• _EXERCISE DESCRIPTION_
Return the records below exactly; pictures stay out.

== Segment start ==

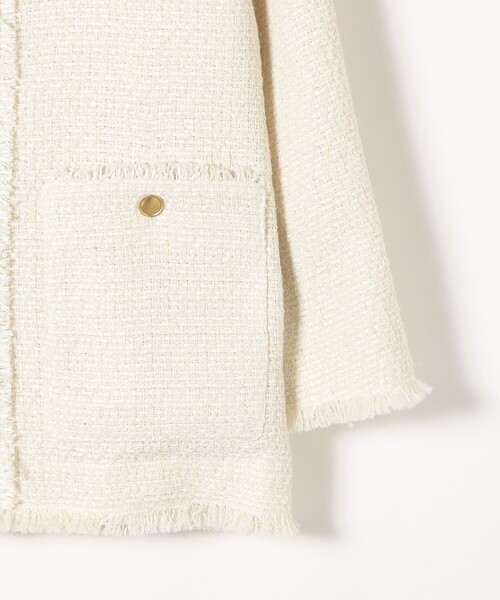 「SHIPS any」 ジャケット ONE SIZE オフホワイト レディース_画像6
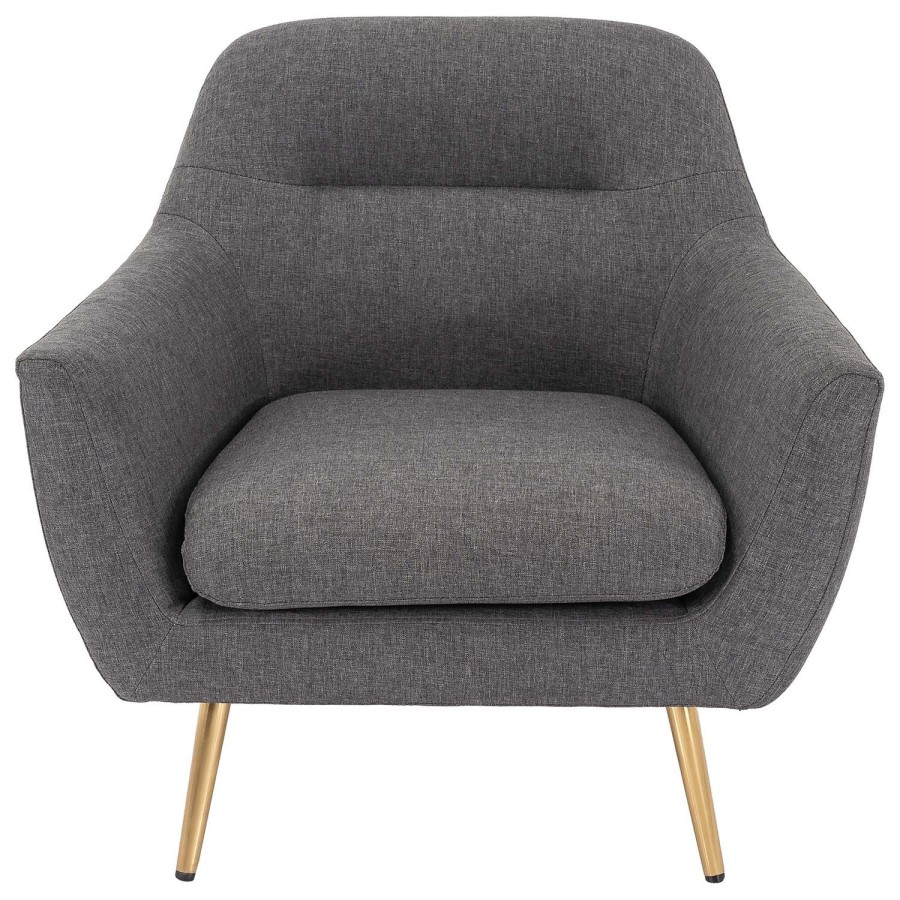 2 Seater Sofa and Armchair Set in Grey Fabric - Kiko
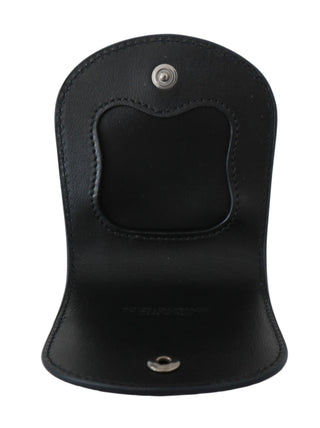 Blauer Kondom-Etui-Halter aus Exotenleder für die Hosentasche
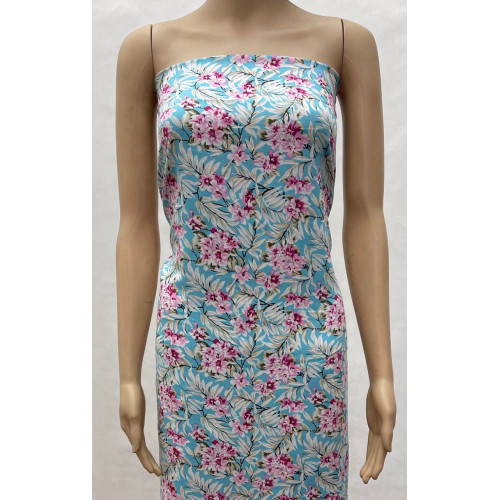 45Sレーヨンプリント生地-491530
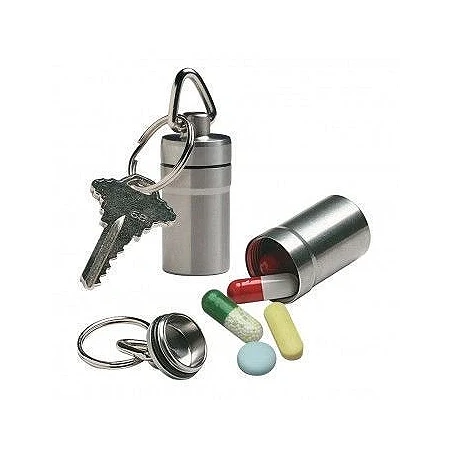 Pastillero-llavero metal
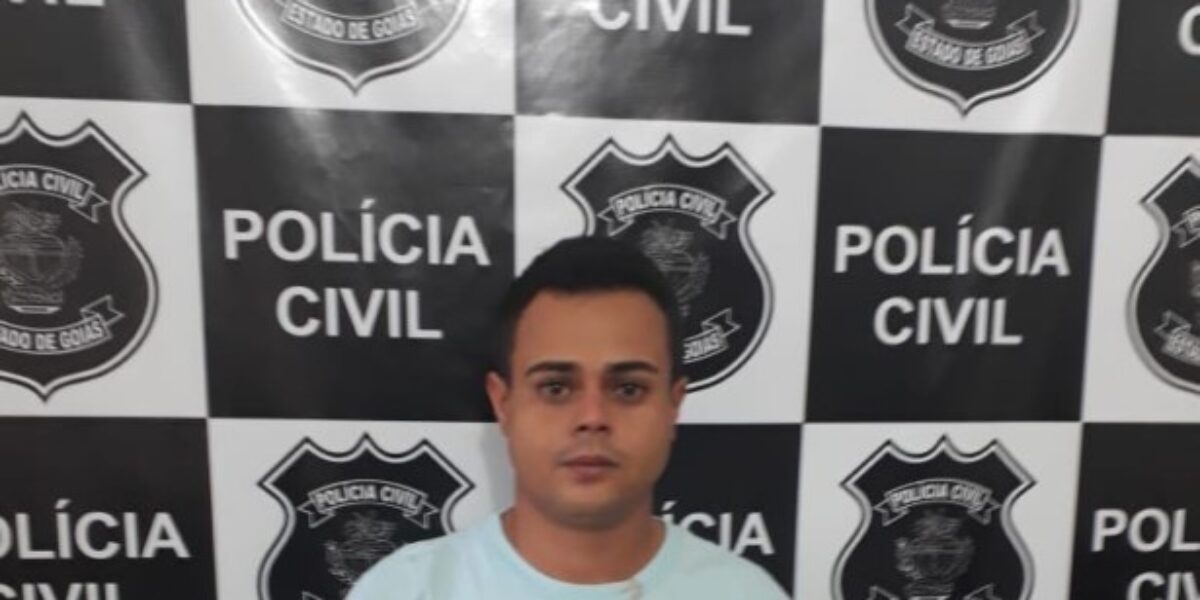 Policia Civil de Guapó cumpre mandado de prisão temporária de homicida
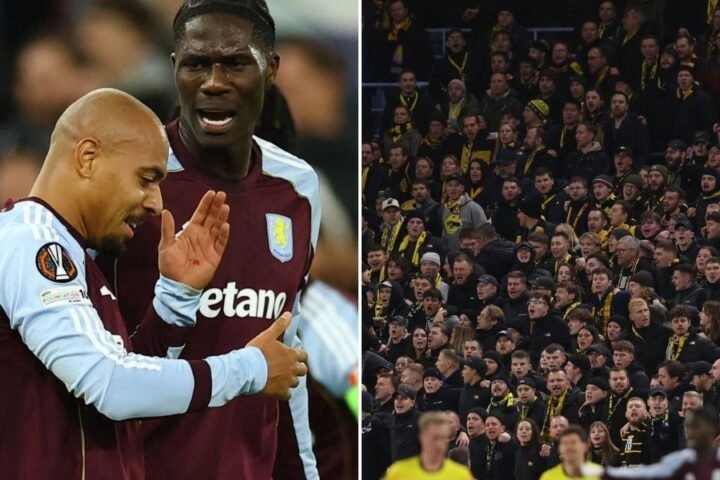 Violence erupts at Villa Park as Aston Villa's Donyell Malen injured amid fan chaos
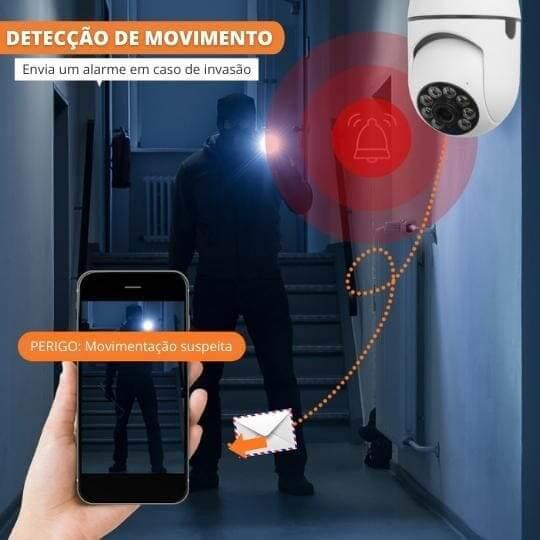 Câmera de Segurança Inteligente 360 GLIK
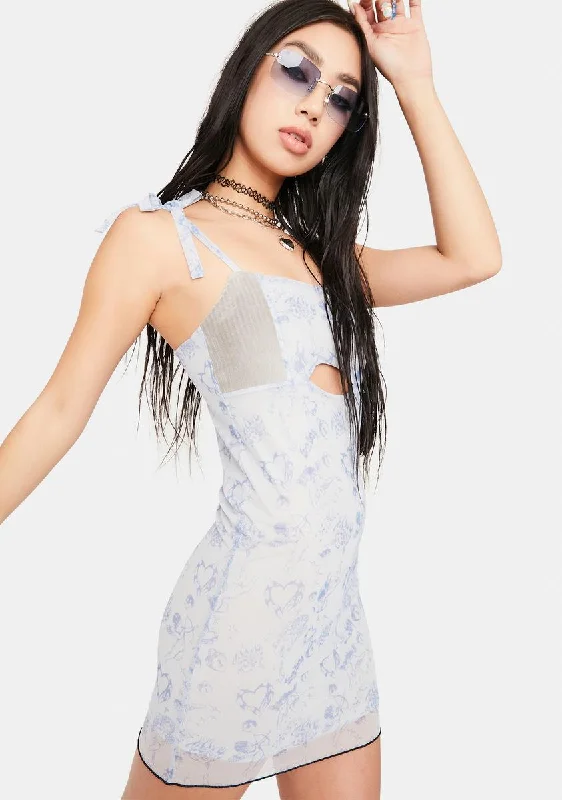 Cupid Love Mesh Mini Dress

== Segment end ==

• _EXERCISE SOLUTION_
 「SHIPS any」 ジャケット ONE SIZE オフホワイト レディース_画像6
 2 Seater Sofa and Armchair Set in Grey Fabric - Kiko
 Blauer Kondom-Etui-Halter aus Exotenleder für die Hosentasche
 45Sレーヨンプリント生地-491530
 Pastillero-llavero metal
 Policia Civil de Guapó cumpre mandado de prisão temporária de homicida
 Violence erupts at Villa Park as Aston Villa's Donyell Malen injured amid fan chaos
 Câmera de Segurança Inteligente 360 GLIK
 Cupid Love Mesh Mini Dress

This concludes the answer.